Some yardeners prefer to have a live Christmas tree for the holidays so they are able to plant the tree outside to offer pleasure for decades. The first question is, what kind of tree makes the best live tree? The answer in part is determined by which species are being sold in your neighborhood garden centers.
In any case, unlike folks buying a cut tree that will be thrown away after the holiday, you need to give special attention to how big your cute little live tree is going to get 20 years from now. You need to be sure you have the space to grow that tree you intend to plant after Christmas.
Again, unlike the folks buying the cut tree, you are not limited to having a species of tree traditionally used at Christmas such as the Scotch pine or blue spruce.

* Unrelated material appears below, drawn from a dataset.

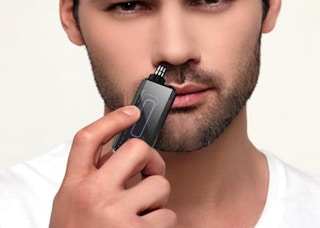 a person using a nose hair trimmer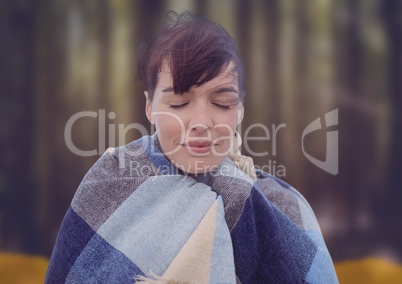 Woman's face in forest with leaves with blanket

You can use almost any evergreen tree that you feel is attractive and will work best later on in the home landscape. So the trees to consider as live trees are evergreens, which include arborvitae, junipers, Canadian hemlock, Scotch pine, white pine, blue spruce, Douglas fir, Balsam fir and red cedar.
Dig the hole early on
Just in case there is a cold spell and causes the ground to freeze around Christmas time, it is wise to dig your hole for the live tree before then. Fill it with leaves to keep it from freezing.

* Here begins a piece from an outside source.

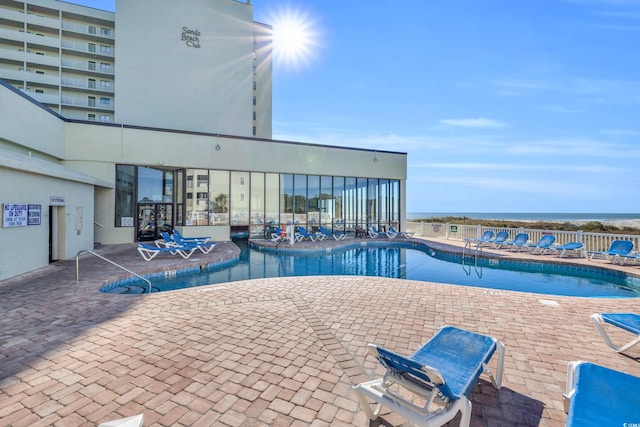 9400 Shore Dr Unit 722, Myrtle Beach, SC 29572 - community pool featuring a patio area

When you get your tree, store it in an unheated but sheltered area such as a garage or porch, out of the wind and sun. Do not expose your tree to freezing temperatures.
This is important: Under normal circumstances your live tree should not be kept inside your heated home for more than 10 days, and seven days is better, so plan accordingly. Many live Christmas trees die by spring because the owner wanted to have the tree indoors “just for a few more days.” However, there is now a product on the market that will allow you to keep your live tree safely indoors for up to two weeks.
Going by the name Vacation, http://tinyurl.com/yean6qz, this is a natural chemical drought treatment that when used with watering your live Christmas tree, you do not have to water it at all for the two weeks it’s in the house, with no harm coming to the tree. Wiegand’s Nursery, (586) 286-3655, in Macomb Township carries Vacation.
Mulch is critical, too
When you do take the tree outside again, take it back to the sheltered area first for a few days and then you can move it out into the cold, cruel world.
See my Web site, www.yardener.com, for instructions on how to plant a tree. A 3-inch layer of mulch is critical to prevent your tree’s roots from freezing too quickly. Water so the soil is moist, but do not flood the tree or it will die.